As the scale of multi-stage large group decision-making (LGDM) continues to expand, the possibility of low-contribution individuals exhibiting herd behavior also increases, potentially leading to the phenomenon of “fishing in troubled waters.” This may obstruct the speed of consensus reaching while generating no valuable opinions, which is a topic worthy of exploration. Considering that humans are easily influenced by interests, the employment of machine intelligence to objectively identify herd behavior is more appropriate. In this context, a herd behavior identification method based on behavioral characteristics clustering from the perspective of human–machine collaboration is herein proposed. First, from the human side, an opinion–social network coevolution model is constructed to simulate the consensus reaching process (CRP) of the expert group. Then, the group is clustered into three subgroups in consideration of behavior that encompasses both opinion changes and trust relationship changes. Based on this, the low-contribution cluster with a herd behavior pattern can be optimized from the machine side. Through simulation experiments, it is verified that herd behavior management significantly accelerates the consensus-reaching speed under the premise of having minimal impact on the decision-making results. In general terms, this study is the first to propose the concept of herd behavior and provides a solution to manage it from a new perspective, which is suitable for application in multi-stage LGDM scenarios.

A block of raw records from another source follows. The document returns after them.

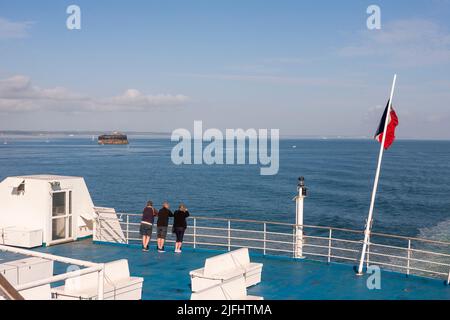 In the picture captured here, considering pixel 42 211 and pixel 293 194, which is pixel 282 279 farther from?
pixel 293 194

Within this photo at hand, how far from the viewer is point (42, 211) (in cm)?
1455

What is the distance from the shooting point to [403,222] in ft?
132

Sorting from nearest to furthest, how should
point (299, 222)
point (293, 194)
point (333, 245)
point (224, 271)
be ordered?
point (224, 271) → point (299, 222) → point (333, 245) → point (293, 194)

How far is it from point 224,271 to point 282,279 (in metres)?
1.96

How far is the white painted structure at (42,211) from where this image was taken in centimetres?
1449

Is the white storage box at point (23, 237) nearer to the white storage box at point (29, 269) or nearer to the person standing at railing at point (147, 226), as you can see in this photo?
the person standing at railing at point (147, 226)

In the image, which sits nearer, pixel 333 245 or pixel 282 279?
pixel 282 279

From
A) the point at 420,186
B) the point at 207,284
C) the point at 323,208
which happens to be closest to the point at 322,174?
the point at 420,186

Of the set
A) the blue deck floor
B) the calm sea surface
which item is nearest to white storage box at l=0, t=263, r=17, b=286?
the blue deck floor

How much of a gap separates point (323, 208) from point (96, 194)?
2578 cm

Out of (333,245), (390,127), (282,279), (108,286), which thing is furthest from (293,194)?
(108,286)

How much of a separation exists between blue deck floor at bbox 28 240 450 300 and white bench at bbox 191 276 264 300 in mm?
2233

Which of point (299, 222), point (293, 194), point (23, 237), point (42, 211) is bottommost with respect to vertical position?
point (293, 194) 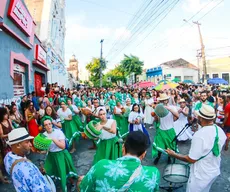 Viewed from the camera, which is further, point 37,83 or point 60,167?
point 37,83

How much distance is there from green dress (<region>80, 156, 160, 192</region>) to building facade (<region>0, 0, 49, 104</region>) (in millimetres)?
6834

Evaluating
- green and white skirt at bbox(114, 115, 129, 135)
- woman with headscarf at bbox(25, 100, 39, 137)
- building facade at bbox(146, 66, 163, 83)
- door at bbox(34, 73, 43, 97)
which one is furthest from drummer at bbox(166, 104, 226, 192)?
building facade at bbox(146, 66, 163, 83)

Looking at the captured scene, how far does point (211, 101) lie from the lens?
26.0ft

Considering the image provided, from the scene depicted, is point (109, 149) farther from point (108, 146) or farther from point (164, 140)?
point (164, 140)

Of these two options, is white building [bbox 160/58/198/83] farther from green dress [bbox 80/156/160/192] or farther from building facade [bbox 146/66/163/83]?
green dress [bbox 80/156/160/192]

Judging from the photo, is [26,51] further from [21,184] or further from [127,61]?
[127,61]

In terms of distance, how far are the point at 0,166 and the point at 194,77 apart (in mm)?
39347

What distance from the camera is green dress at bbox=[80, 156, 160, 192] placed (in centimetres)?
181

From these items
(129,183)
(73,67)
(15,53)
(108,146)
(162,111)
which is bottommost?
(108,146)

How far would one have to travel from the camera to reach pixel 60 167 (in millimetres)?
4168

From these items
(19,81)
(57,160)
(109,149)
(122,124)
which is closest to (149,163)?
(109,149)

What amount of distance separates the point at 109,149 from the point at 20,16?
783 cm

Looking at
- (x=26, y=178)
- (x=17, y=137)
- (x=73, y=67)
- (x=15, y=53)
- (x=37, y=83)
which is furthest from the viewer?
(x=73, y=67)

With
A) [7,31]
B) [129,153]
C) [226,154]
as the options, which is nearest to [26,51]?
[7,31] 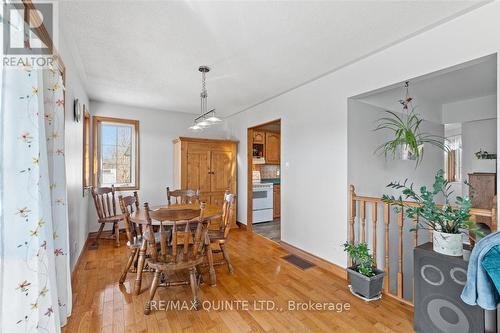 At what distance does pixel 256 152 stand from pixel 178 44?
148 inches

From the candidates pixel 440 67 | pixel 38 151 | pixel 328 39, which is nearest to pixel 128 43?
pixel 38 151

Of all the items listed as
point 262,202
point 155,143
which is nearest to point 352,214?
point 262,202

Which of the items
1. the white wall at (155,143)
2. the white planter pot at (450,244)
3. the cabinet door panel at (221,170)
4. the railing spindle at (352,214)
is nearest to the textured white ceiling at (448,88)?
the railing spindle at (352,214)

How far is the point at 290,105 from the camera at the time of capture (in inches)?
144

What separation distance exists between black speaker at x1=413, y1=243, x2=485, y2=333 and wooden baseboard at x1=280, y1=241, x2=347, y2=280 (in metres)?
0.95

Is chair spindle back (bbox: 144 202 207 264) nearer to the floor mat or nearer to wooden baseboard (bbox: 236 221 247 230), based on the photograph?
the floor mat

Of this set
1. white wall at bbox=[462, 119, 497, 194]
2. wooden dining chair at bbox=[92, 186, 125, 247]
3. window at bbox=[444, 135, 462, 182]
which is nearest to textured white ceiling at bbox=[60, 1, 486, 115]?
wooden dining chair at bbox=[92, 186, 125, 247]

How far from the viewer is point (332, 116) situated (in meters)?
2.97

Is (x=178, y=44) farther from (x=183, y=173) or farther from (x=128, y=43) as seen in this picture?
(x=183, y=173)

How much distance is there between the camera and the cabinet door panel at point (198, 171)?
177 inches

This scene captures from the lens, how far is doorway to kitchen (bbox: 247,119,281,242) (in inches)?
188

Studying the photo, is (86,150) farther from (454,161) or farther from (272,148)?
(454,161)

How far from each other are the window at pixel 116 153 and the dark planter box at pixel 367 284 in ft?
13.3

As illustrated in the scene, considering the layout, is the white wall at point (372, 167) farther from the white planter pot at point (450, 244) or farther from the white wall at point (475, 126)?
the white wall at point (475, 126) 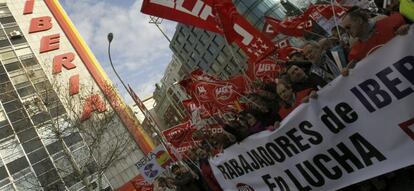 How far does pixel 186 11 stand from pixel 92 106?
21.5 metres

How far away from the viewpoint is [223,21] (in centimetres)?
879

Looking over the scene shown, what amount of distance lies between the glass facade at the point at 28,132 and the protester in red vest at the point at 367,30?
22.8 meters

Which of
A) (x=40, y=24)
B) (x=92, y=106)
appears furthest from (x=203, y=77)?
(x=40, y=24)

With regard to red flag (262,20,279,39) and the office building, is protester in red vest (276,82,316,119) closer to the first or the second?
red flag (262,20,279,39)

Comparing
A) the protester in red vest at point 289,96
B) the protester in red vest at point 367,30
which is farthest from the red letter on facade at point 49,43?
the protester in red vest at point 367,30

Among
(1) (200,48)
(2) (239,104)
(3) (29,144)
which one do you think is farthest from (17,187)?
(1) (200,48)

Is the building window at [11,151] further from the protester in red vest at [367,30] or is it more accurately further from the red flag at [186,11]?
the protester in red vest at [367,30]

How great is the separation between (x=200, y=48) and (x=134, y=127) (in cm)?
3811

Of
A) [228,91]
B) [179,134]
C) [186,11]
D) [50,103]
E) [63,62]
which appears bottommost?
[228,91]

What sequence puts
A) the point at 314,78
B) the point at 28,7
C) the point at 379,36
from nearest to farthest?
the point at 379,36 → the point at 314,78 → the point at 28,7

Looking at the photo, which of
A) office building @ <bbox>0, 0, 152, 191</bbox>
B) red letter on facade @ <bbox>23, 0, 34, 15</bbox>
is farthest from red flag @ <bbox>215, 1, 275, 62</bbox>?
red letter on facade @ <bbox>23, 0, 34, 15</bbox>

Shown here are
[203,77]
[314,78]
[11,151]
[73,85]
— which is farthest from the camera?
[73,85]

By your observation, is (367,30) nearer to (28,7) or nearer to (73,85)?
(73,85)

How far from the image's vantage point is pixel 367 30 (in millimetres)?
4465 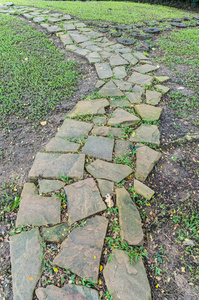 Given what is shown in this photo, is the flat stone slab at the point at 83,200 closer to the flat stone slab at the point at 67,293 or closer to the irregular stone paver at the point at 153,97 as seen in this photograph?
the flat stone slab at the point at 67,293

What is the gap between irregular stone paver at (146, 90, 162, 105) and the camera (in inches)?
113

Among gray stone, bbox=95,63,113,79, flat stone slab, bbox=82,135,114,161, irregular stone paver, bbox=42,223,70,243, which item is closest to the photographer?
irregular stone paver, bbox=42,223,70,243

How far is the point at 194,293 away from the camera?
4.42ft

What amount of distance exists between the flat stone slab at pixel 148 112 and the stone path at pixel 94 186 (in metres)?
0.01

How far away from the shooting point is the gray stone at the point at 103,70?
338 cm

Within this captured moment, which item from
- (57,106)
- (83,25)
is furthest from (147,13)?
(57,106)

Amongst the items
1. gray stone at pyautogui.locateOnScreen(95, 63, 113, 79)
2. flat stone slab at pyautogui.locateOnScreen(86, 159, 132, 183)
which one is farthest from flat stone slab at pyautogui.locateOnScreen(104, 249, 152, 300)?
gray stone at pyautogui.locateOnScreen(95, 63, 113, 79)

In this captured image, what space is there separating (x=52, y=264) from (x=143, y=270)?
656 mm

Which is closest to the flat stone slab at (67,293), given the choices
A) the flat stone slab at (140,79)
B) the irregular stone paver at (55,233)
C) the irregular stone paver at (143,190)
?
the irregular stone paver at (55,233)

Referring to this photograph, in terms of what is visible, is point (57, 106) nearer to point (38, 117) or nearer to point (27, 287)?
point (38, 117)

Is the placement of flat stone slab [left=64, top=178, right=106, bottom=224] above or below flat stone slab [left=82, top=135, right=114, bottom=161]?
below

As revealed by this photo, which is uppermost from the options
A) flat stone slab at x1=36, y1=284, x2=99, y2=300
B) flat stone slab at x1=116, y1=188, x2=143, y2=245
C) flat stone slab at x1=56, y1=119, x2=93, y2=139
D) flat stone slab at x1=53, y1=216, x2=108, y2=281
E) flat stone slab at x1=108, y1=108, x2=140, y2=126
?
flat stone slab at x1=108, y1=108, x2=140, y2=126

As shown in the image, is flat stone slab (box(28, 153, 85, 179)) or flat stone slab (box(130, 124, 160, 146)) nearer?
flat stone slab (box(28, 153, 85, 179))

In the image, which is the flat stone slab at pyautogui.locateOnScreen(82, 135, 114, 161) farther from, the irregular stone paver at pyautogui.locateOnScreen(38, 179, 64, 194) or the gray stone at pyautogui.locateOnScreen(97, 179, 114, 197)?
the irregular stone paver at pyautogui.locateOnScreen(38, 179, 64, 194) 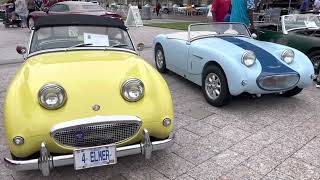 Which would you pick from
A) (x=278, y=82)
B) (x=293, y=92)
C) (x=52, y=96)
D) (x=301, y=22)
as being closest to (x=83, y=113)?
(x=52, y=96)

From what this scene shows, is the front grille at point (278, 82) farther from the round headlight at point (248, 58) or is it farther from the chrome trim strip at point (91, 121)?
the chrome trim strip at point (91, 121)

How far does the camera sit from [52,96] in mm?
2842

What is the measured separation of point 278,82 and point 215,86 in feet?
2.97

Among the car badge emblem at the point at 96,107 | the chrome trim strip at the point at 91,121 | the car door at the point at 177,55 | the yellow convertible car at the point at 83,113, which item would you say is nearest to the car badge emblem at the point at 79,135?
the yellow convertible car at the point at 83,113

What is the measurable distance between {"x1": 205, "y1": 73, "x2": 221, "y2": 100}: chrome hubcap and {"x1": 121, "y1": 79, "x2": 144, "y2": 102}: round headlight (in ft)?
6.77

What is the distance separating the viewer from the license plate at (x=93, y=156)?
8.93 feet

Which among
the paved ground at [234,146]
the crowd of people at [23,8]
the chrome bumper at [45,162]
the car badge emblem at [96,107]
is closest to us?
the chrome bumper at [45,162]

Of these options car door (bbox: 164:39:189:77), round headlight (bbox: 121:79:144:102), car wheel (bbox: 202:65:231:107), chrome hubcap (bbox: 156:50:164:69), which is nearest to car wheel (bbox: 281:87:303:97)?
car wheel (bbox: 202:65:231:107)

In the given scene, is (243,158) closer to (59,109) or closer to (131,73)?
(131,73)

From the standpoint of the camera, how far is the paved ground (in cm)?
316

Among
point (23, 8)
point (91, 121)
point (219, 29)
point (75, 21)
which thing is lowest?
point (91, 121)

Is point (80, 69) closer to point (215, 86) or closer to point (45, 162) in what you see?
point (45, 162)

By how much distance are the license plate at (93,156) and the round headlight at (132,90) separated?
1.58ft

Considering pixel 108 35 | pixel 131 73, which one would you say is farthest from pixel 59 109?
pixel 108 35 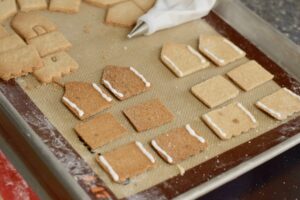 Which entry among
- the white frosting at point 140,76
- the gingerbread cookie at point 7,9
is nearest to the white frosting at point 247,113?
the white frosting at point 140,76

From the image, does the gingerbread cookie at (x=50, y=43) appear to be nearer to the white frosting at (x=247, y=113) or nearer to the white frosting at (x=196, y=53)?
the white frosting at (x=196, y=53)

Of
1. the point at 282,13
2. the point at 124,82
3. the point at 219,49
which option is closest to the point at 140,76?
the point at 124,82

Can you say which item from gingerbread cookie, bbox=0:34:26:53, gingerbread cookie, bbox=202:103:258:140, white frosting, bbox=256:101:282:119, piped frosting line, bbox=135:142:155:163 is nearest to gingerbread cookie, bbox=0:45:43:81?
gingerbread cookie, bbox=0:34:26:53

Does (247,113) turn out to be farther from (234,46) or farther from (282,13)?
(282,13)

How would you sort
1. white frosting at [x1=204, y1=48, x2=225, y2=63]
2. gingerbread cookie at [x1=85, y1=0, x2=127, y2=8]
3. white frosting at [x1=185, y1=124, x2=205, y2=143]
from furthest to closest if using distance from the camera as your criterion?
gingerbread cookie at [x1=85, y1=0, x2=127, y2=8], white frosting at [x1=204, y1=48, x2=225, y2=63], white frosting at [x1=185, y1=124, x2=205, y2=143]

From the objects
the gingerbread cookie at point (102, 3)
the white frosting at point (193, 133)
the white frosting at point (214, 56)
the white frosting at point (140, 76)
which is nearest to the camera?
the white frosting at point (193, 133)

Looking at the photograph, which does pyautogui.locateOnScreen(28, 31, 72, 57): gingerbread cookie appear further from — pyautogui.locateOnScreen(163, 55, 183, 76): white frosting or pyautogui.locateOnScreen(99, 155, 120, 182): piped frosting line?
pyautogui.locateOnScreen(99, 155, 120, 182): piped frosting line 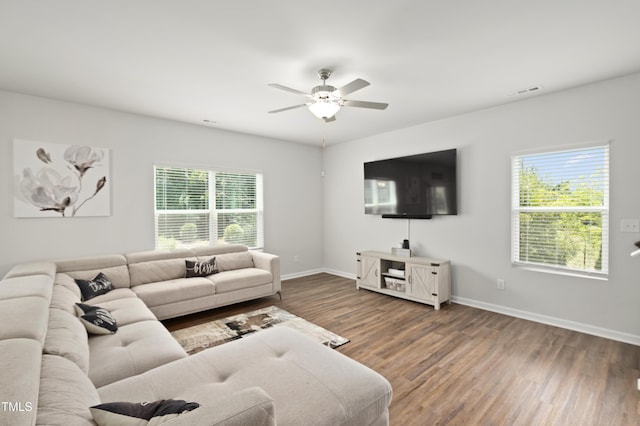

人机协作多阶段大型群体决策中基于协同进化的群体行为识别
随着多阶段大型群体决策(LGDM)规模的不断扩大,低贡献个体表现出从众行为的可能性也随之增加,从而可能导致 "浑水摸鱼 "的现象。这可能会阻碍达成共识的速度,同时又不会产生有价值的意见,这是一个值得探讨的话题。考虑到人类容易受到利益的影响,利用机器智能来客观识别群体行为更为合适。为此,本文从人机协作的角度出发,提出了一种基于行为特征聚类的羊群行为识别方法。首先,从人的角度出发,构建一个意见-社会网络协同演化模型,模拟专家组的共识达成过程(CRP)。然后,考虑到包括意见变化和信任关系变化在内的行为,将专家组分为三个子组。在此基础上,可以从机器端优化具有羊群行为模式的低贡献群组。通过模拟实验,验证了群行为管理在对决策结果影响最小的前提下,显著加快了达成共识的速度。总的来说,本研究首次提出了羊群行为的概念,并从一个新的角度提供了管理羊群行为的解决方案,适合应用于多阶段 LGDM 场景。
本文章由计算机程序翻译,如有差异,请以英文原文为准。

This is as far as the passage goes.